The mutex code is now "swap-based", to eliminate the hand-off problems highlighted by Alexander Terekhov and Peter Dimov. It can be seen in CVS at boost/thread/win32/basic_timed_mutex.hpp on the thread_rewrite branch, or in the CVS web viewer at
It keeps track of the "active count" of threads with an interest in the mutex, in order to try and avoid signalling the semaphore unnecessarily.
The read_write_mutex code is based on ideas from the code offered by Peter Dimov and Cory Nelson. However, I have extended it to include upgradeable locks, and more closely mirror the interface proposed in the C++ Standard threading proposal N2094. At the moment it does not support try_ or timed_ variants. The code can be seen in CVS at boost/thread/win32/read_write_mutex.hpp on the thread_rewrite branch, or in the CVS web viewer at
In all cases, the code tries to change state using compare-and-swap instructions. If the current state is blocking the state change (e.g. there is already a writer when we try to lock a reader), then the lock blocks on one of three win32 Event objects. The shared event is a manual reset event, so once readers are allowed access, they are all freed until a thread obtains an exclusive lock and resets the event. There is a limit on how many threads can have a shared/upgradeable lock (0x1fff), and how many can be waiting for a write lock (0xfff). Given the nature of read-write mutexes, this could easily be adjusted to allow more shared locks, and fewer waiting writers.

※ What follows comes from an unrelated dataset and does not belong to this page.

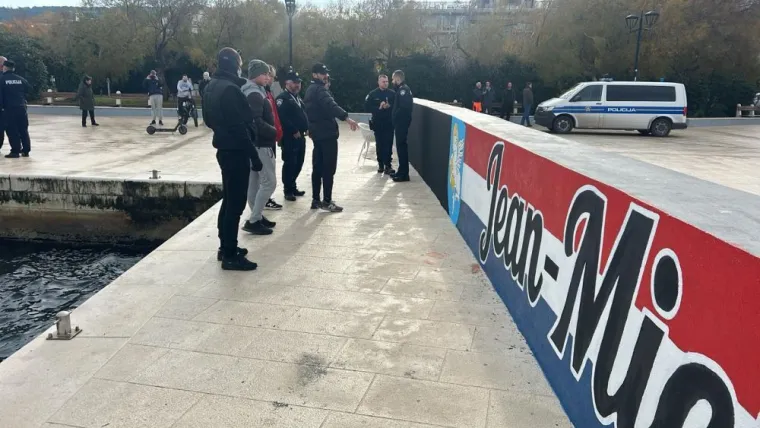 Interventna policija u Supetru zbog HOS-ova murala, Marković: 'Ljudi u crnom neće upravljati gradom'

I've just looked the reader-writer lock over, and while it generally seems "usable" to me, I've got a few nitpicks: 1) This seems like a real big general-purpose class that goes against the C++ism of not paying for what you aren't going to use. Creating three events (these are kernel objects) for each lock makes it a rather heavy instance - I feel like using of a lot of them for fine-grained locking won't be realistic. Given that the need to upgrade a lock is uncommon and usually easily worked around, and the ease a user can cause deadlock when upgrading, would you consider a separate lightweight non-upgradeable class to go alongside it? 2) It doesn't spin at all - giving an app a chance to stay away from WaitForSingleObject on multithreaded systems will be a good boost to scalability under typical use. Win32 critical sections have a default spin count of 4000 on multithreaded systems. With multi-core getting more and more common I think this is an important aspect to consider. 3) I don't like the lock(), unlock() etc member functions being public.. forcing scoped_lock is a great cheap idiom for exception safety and saving people from deadlocks. Even with scoped_lock also available - it isn't something found in other languages so I fear new developers will flock to using the simpler and more familiar public members instead.

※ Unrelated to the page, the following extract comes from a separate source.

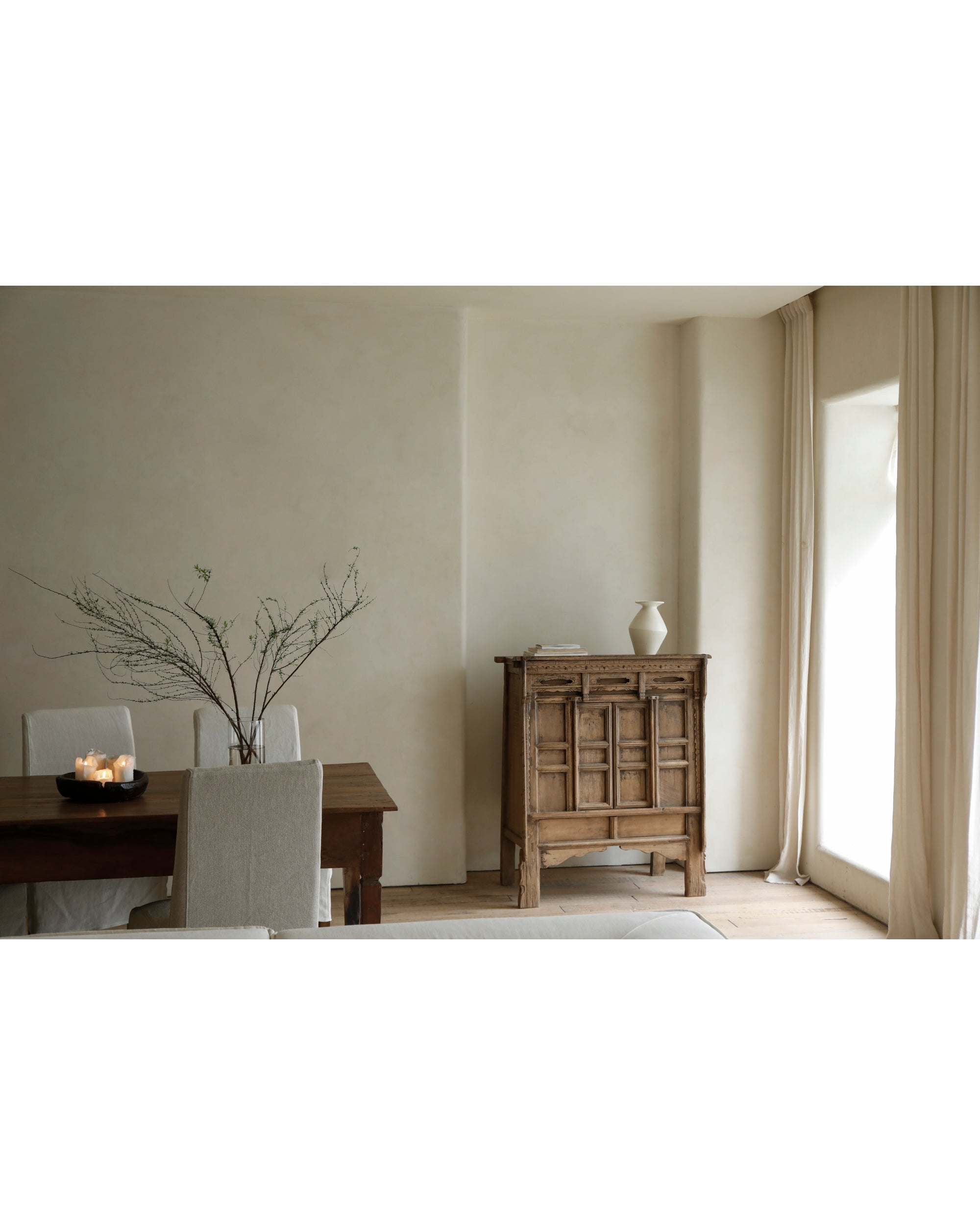 Chinese Vintage Cabinet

Anthony -- Anthony Williams Software Developer Just Software Solutions Ltd http://www.justsoftwaresolutions.co.uk
_______________________________________________ Unsubscribe & other changes: http://lists.boost.org/mailman/listinfo.cgi/boost
-- Cory Nelson

Hi Cory, Thanks for your feedback. "Cory Nelson" <phrosty@gmail.com> writes:
On 10/5/06, Anthony Williams <anthony_w.geo@yahoo.com> wrote:
I have revamped the code on the threads_rewrite branch for the mutex and read_write_mutex.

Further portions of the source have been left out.